Exercise data START

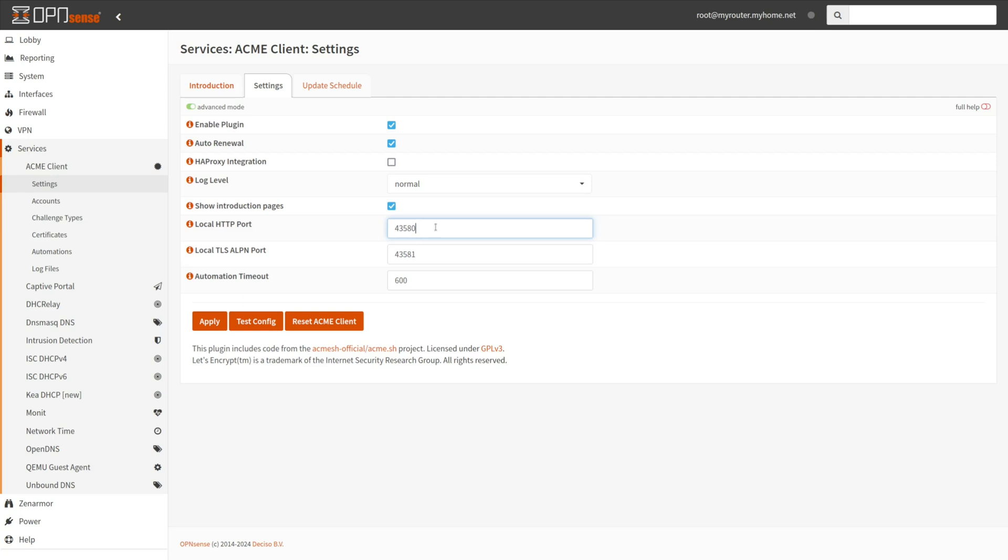The local web server should not utilize port 80 or any other widely recognized port, as it is not directly accessible from the outside world. You may change the local TLS ALPN port that is the default 43581. This is the service port when using the TLS ALPN 01 as the challenge type.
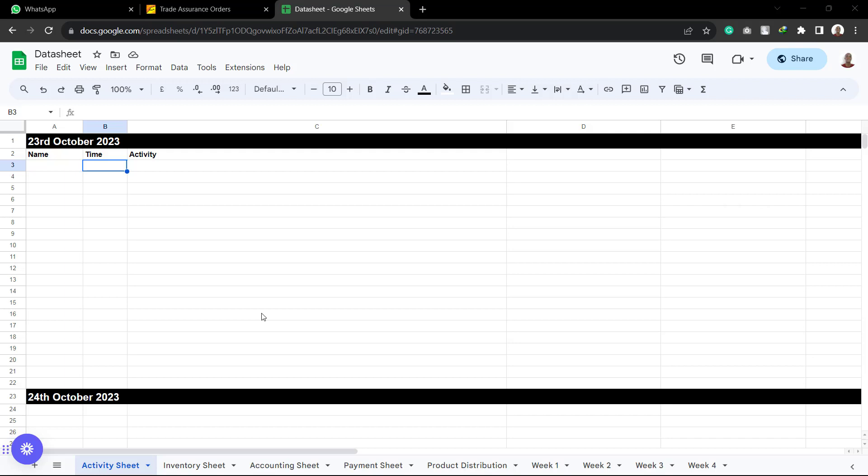Alhamdulillah, thumma assolatu wassalamu ala rasoolillah wa ala ahlihi wa sahbihi ajma'een amma abad. Fassalamu alaikum wa rahmatullahi wa barakatuh. So inshaAllah today we are going to be talking about the data sheet. So what is the data sheet?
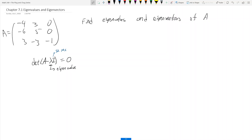Welcome to Chapter 7. This chapter, I think I mentioned in the last video, is going to be probably the most important chapter in the book — it might also be the most interesting, depending on what kind of person you are. I find it pretty interesting myself. Now we're going to talk about eigenvalues and eigenvectors. So what is an eigenvalue and eigenvector?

Exercise data END

### Requirement
Drop the images; restate the listing exactly.

### Exercise solution
The local web server should not utilize port 80 or any other widely recognized port, as it is not directly accessible from the outside world. You may change the local TLS ALPN port that is the default 43581. This is the service port when using the TLS ALPN 01 as the challenge type.
Alhamdulillah, thumma assolatu wassalamu ala rasoolillah wa ala ahlihi wa sahbihi ajma'een amma abad. Fassalamu alaikum wa rahmatullahi wa barakatuh. So inshaAllah today we are going to be talking about the data sheet. So what is the data sheet?
Welcome to Chapter 7. This chapter, I think I mentioned in the last video, is going to be probably the most important chapter in the book — it might also be the most interesting, depending on what kind of person you are. I find it pretty interesting myself. Now we're going to talk about eigenvalues and eigenvectors. So what is an eigenvalue and eigenvector?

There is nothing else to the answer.